======== Available data ========
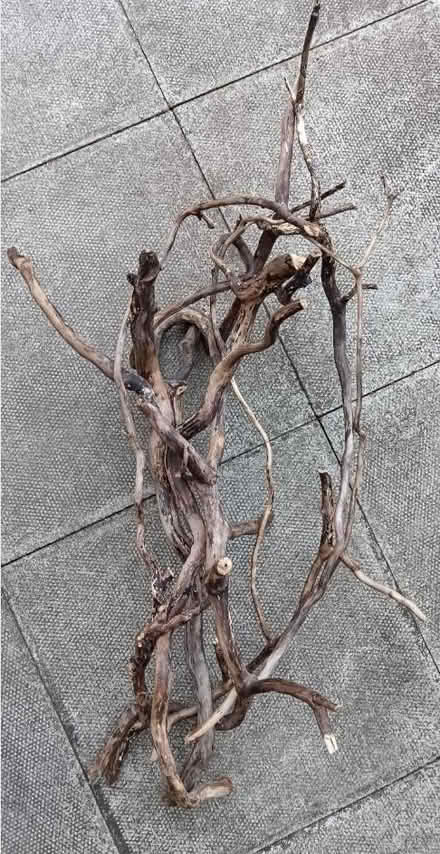 Photo of free Twisted Driftwood Bundle (Longridge PR3) #3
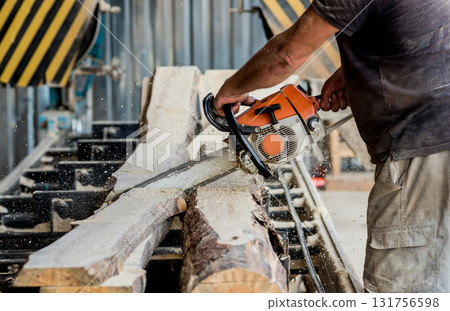 Woodcutter cutting tree with chainsaw on sawmill. Modern sawmill.  131756598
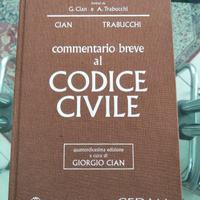 Commentario Breve al Codice Civile 2020
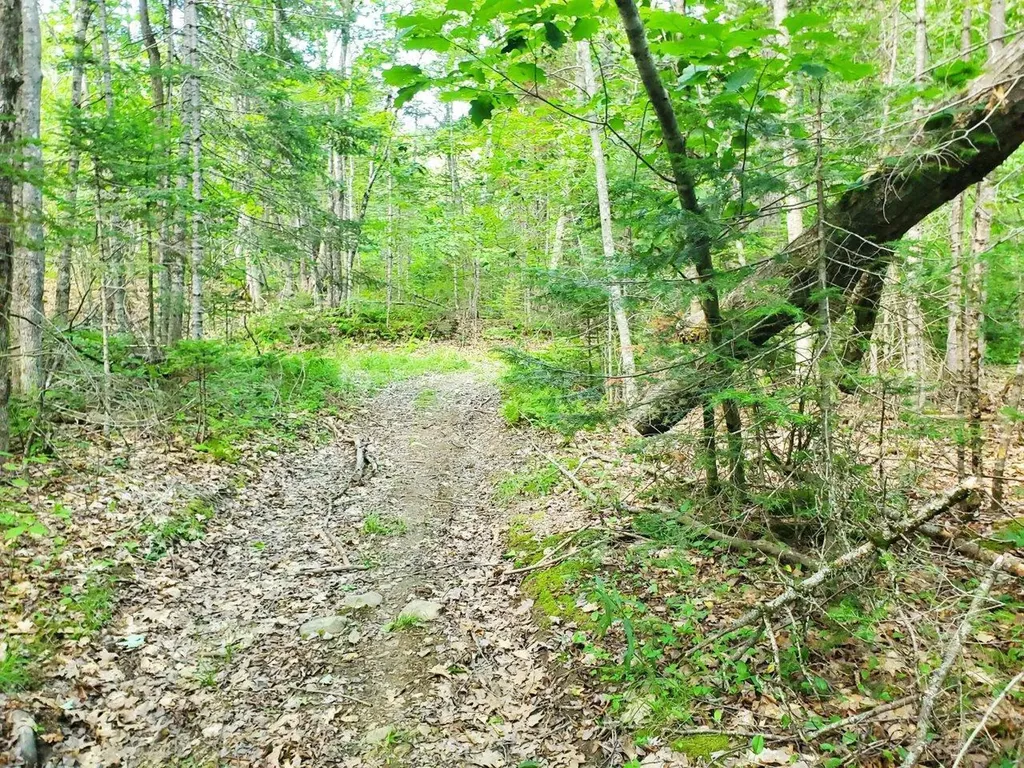 501 Pullen Woods Road Palermo ME 04354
========
Reproduce the listing verbatim, and keep the pictures out of the copy.

— Task response —
 Photo of free Twisted Driftwood Bundle (Longridge PR3) #3
 Woodcutter cutting tree with chainsaw on sawmill. Modern sawmill.  131756598
 Commentario Breve al Codice Civile 2020
 501 Pullen Woods Road Palermo ME 04354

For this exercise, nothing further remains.